Does political correctness create more cohesive workplaces? 

Timothy Zahara, Lawyer, KPMG Law
Timothy Zahara, Lawyer, KPMG Law

Uttering the phrase “political correctness” in the workplace is not a good way to make friends. Few people are interested in being lectured by the “PC police”, and it is difficult to avoid the perception that you are trying to inhibit the larrikin spirit that forms an important part of the Australian culture. Despite this, there is a case to be made for political correctness in the workforce, but only if it can be effectively harnessed as a tool to facilitate workplace harmony as opposed to seeking to allocate blame.

I still remember my first week as a new graduate working in a conservative organisation. I overheard a loud conversation outside my office in which a derogatory term was casually and repeatedly used to refer to gay men. Nobody involved in the conversation reacted at all, and I seriously questioned whether this was a workplace that welcomed diversity.

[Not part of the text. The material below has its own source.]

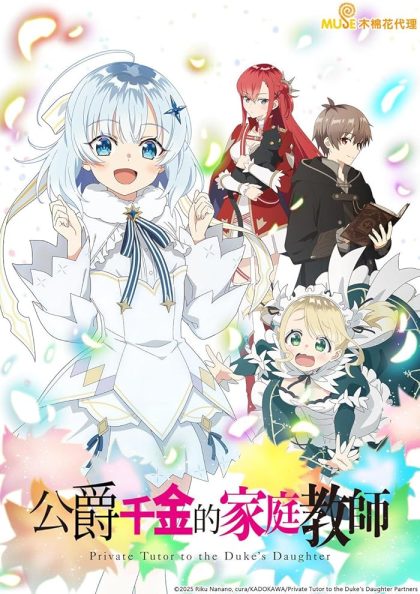 انمي Koujo Denka no Kateikyoushi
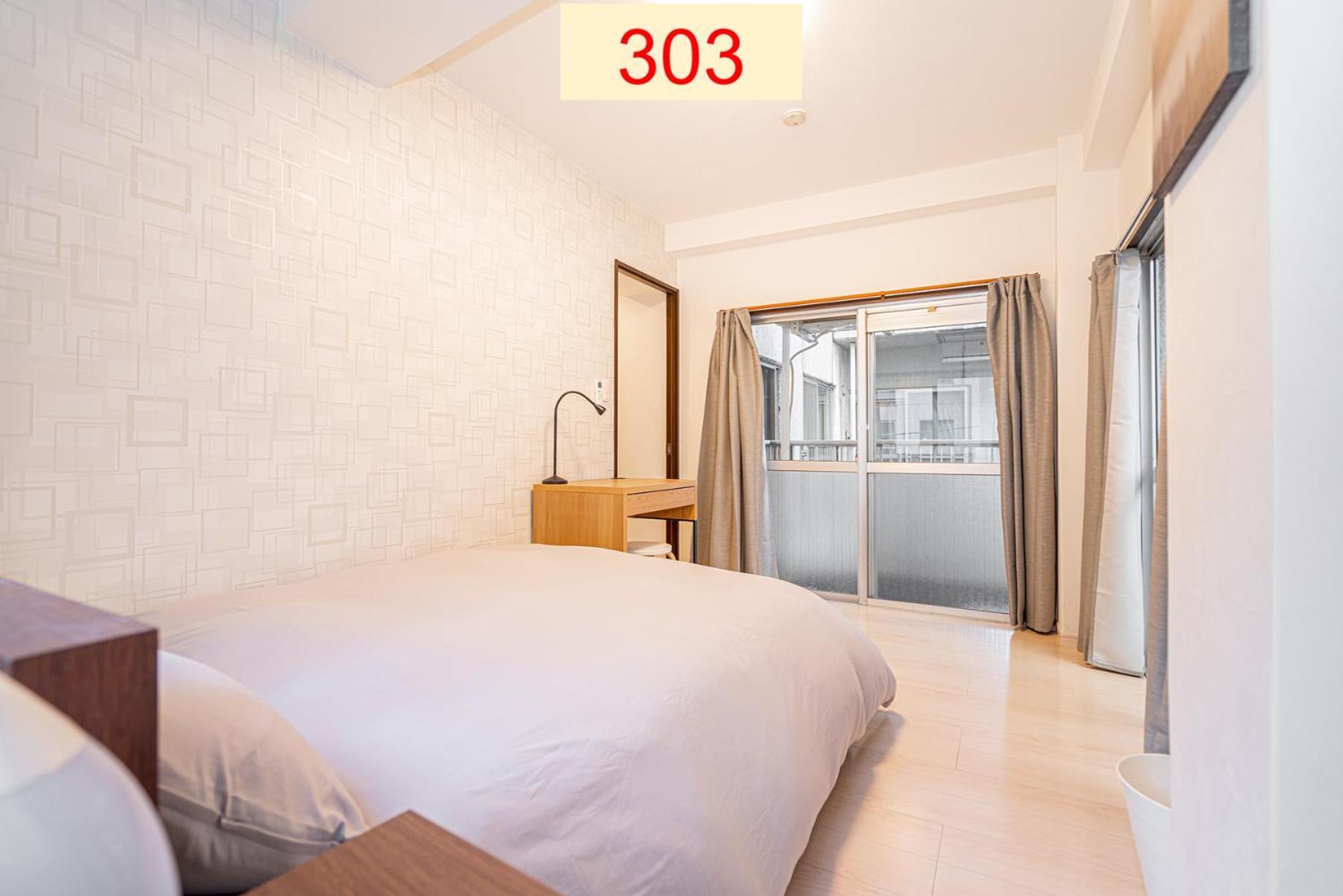Downtown Apartment/ Shibuya Station 10Mins On Foot Tokyo prefektur Rum bild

I did nothing about it at the time however, afraid of coming across as overly sensitive. Had I been able to speak up, confident that my concerns would be taken seriously, I would have learned much more quickly that this particular incident was an aberration in an otherwise very accepting workplace.

There is no question that encouraging diversity in the workplace is a worthy goal. What is often doubted, however, is whether encouraging a culture of political correctness can bring organisations closer to achieving this. After all, it is not difficult to think of instances where political correctness can be an unwelcome constraint in the workplace: a male manager of a team with only one female may be reticent to address performance issues with the female employee for fear of appearing to be sexist. Conversely, the female employee in that situation may be reticent to address issues relating to her position for fear of appearing as though she is unable to ‘fit in’ with the group.

The question then becomes, are the constraints imposed by political correctness worthwhile, or does political correctness stifle self-expression and creativity, leading to worse outcomes in the workplace?

A 2014 study led by an academic from Cornell University sought to answer the question of whether political correctness reduces creativity in group brainstorming sessions. The study found that creativity in mixed-sex groups was actually enhanced by imposing a norm amongst group participants to be politically correct.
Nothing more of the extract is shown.